Task objective: Starting at the line that contains "Rodillo Transportador SANS" and stopping after the line that contains "Декоративный блокнот в", transcribe the listing below exactly; do not include any pictures.

Data under study:
────────────────────

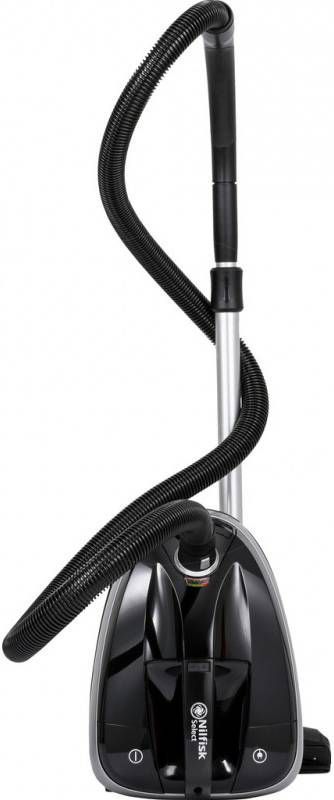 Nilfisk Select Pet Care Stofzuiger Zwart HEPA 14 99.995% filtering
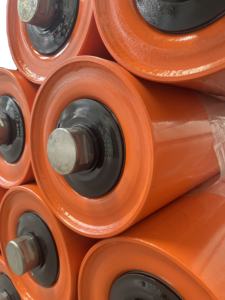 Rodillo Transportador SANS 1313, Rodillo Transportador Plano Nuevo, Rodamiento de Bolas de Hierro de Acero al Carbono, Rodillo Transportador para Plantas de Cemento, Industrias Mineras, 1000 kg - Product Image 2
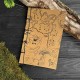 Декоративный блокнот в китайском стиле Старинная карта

────────────────────

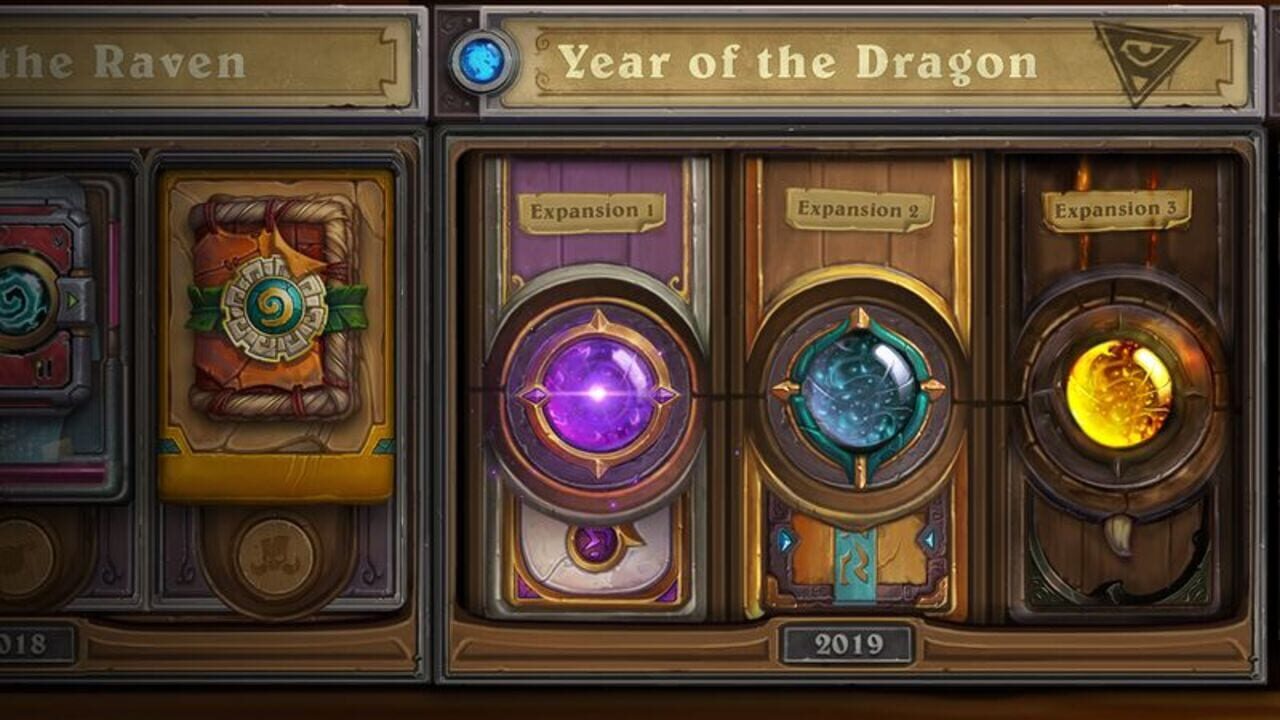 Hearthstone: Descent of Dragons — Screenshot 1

────────────────────

Exercise result:
 Rodillo Transportador SANS 1313, Rodillo Transportador Plano Nuevo, Rodamiento de Bolas de Hierro de Acero al Carbono, Rodillo Transportador para Plantas de Cemento, Industrias Mineras, 1000 kg - Product Image 2
 Декоративный блокнот в китайском стиле Старинная карта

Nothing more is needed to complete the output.